ATTORNEYS FOR THE COMMISSION ON JUDICIAL QUALIFICATIONS Meg W. Babcock James Maguire Indianapolis, Indiana

______________________________________________________________________________

In the

Indiana Supreme Court
_________________________________ No. 45S00-0403-JD-126 IN THE MATTER OF THE HONORABLE JAMES DANIKOLAS, JUDGE OF THE LAKE SUPERIOR COURT, CIVIL DIVISION 3 _________________________________ JUDICIAL DISCIPLINARY ACTION _________________________________ December 6, 2005 Per Curiam.

The Indiana Commission on Judicial Qualifications ("Commission") has filed a disciplinary action in this Court against the Respondent, the Honorable James Danikolas, Judge of the Lake Superior Court, Civil Division 3 ("Judge Danikolas"). Article 7, Section 4 of the Indiana Constitution and Indiana Admission and Discipline Rule 25 give this Court original jurisdiction over this matter.

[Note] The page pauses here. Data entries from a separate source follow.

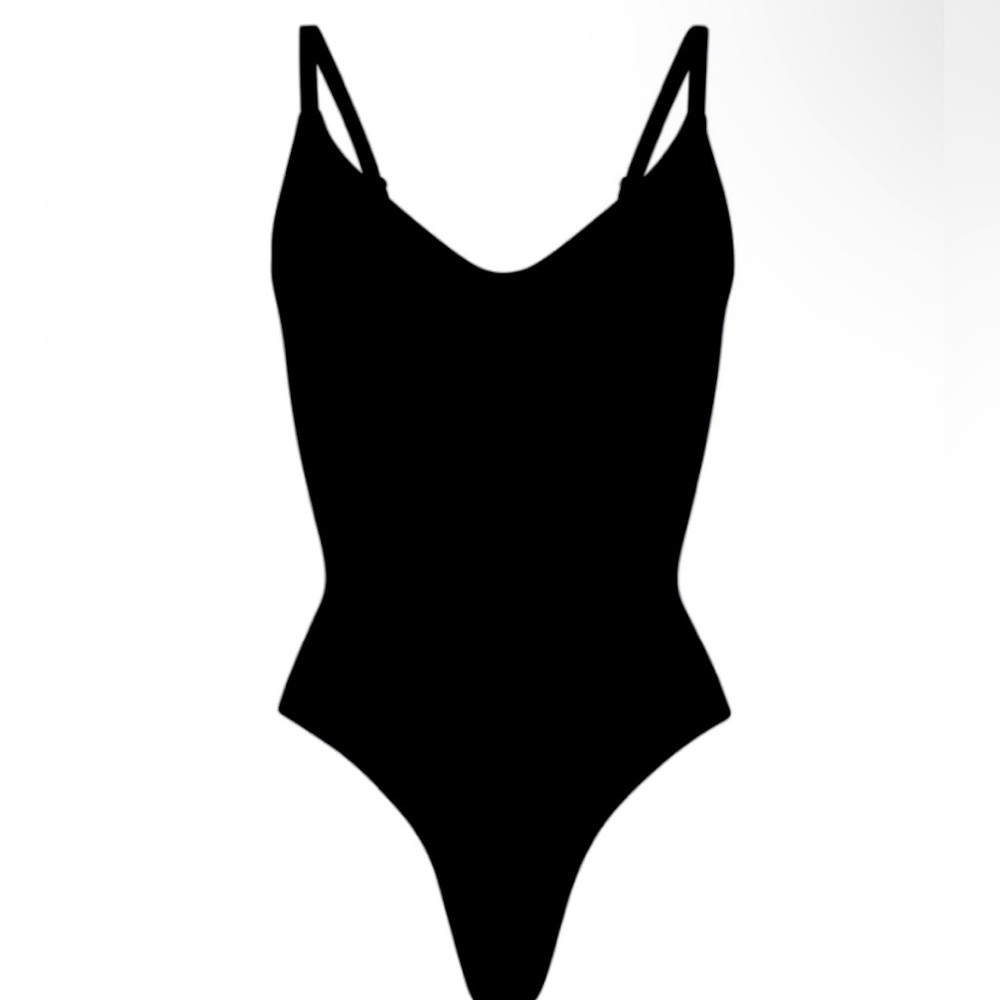 SKIMS ONYX NWOT Seamless Sculpt Thong Bodysuit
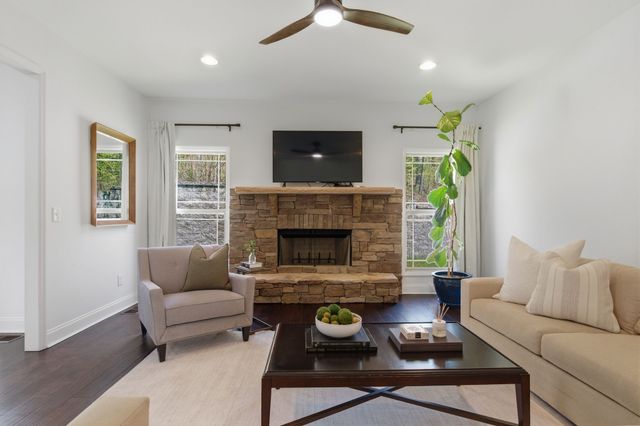 1075 Garland Hollow Rd, Pegram, TN 37143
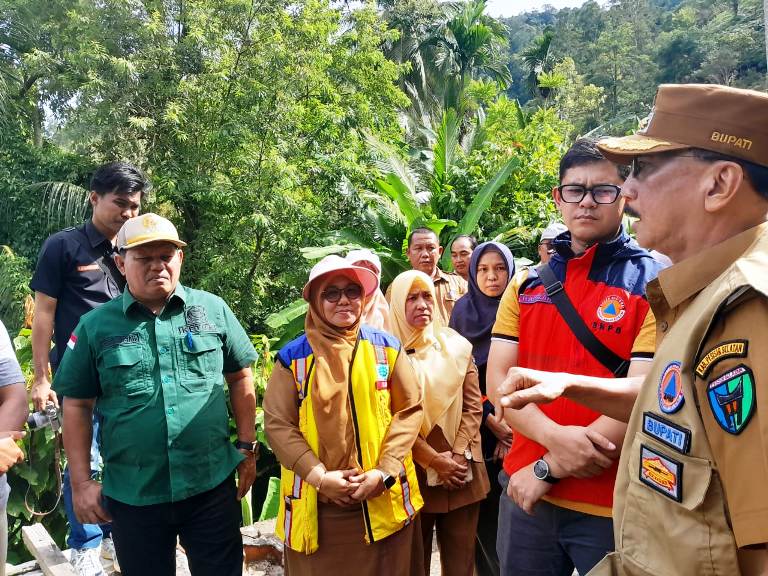 CEK LAPANGAN: Bupati Pessel, Hendrajoni bersama Tim teknis BNPB, Ketua DPRD Pessel, Darmansyah, dan para pejabat eselon II dan III lainnya ketika melakukan kunjungan ke Kampung Tanjung, Pessel.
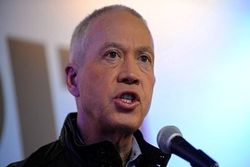 وزیر صهیونیست: نگرانیم بهای تحریمهای آمریکا علیه ایران را ما بپردازیم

The Commission charged Judge Danikolas with violating Canons 1, 2, 2(B), 3(B)(2), and 3(C)(1) of the Code of Judicial Conduct by discharging Kris Costa Sakelaris ("Magistrate Sakelaris") from employment as a Lake Superior Court Magistrate in retaliation for testimony she provided during a previous disciplinary matter brought against Judge Danikolas. The present matter was tried before three Indiana trial court judges appointed to serve as masters in this

proceeding. 1 See Ind. Admission & Discipline Rule 25(VIII)(I). Following the trial, the masters filed their "Report of Findings of Fact, Conclusions of Law, and Recommendation" (hereinafter "Masters' Report") with this Court, as provided by Admission and Discipline Rule 25(VIII)(N)(1). Thereafter, the Commission filed its Recommendation; Judge Danikolas filed a Verified Petition for Review, Response to the Commission's Recommendation, and Brief; and the Commission filed a Reply. The matter has been tried, fully briefed, and reviewed by this Court. Having considered the evidence and submissions of the parties, along with the Masters' Report, we concur with the masters that the Commission has proven by clear and convincing evidence that Judge Danikolas committed judicial misconduct. Further, we concur in and adopt the masters' recommendation that Judge Danikolas be suspended for sixty days without pay.

Factual Background

The instant case traces its beginning to 2002 and 2003, during which the Commission investigated and prosecuted a judicial disciplinary proceeding alleging that Judge Danikolas entered an ex parte order in a marital dissolution case. The Lake Superior Court had dissolved the marriage of J.D. ("husband") and M.D. ("wife") in 2000, at which time husband owed $88,400 in spousal maintenance and child support. The court reduced this amount to a judgment.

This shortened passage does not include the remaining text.